*** Opening Exercise input ***

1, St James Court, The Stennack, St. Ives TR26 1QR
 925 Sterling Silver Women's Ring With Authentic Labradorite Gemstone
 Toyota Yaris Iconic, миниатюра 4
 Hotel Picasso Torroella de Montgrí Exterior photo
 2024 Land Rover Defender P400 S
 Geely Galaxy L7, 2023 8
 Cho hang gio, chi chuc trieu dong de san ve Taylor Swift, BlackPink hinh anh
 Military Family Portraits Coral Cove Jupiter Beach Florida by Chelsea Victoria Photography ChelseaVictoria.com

*** Closing Exercise input ***

(What the task requires)
Please transcribe the data shown above in full, exactly as it stands.

(Result)
1, St James Court, The Stennack, St. Ives TR26 1QR
 925 Sterling Silver Women's Ring With Authentic Labradorite Gemstone
 Toyota Yaris Iconic, миниатюра 4
 Hotel Picasso Torroella de Montgrí Exterior photo
 2024 Land Rover Defender P400 S
 Geely Galaxy L7, 2023 8
 Cho hang gio, chi chuc trieu dong de san ve Taylor Swift, BlackPink hinh anh
 Military Family Portraits Coral Cove Jupiter Beach Florida by Chelsea Victoria Photography ChelseaVictoria.com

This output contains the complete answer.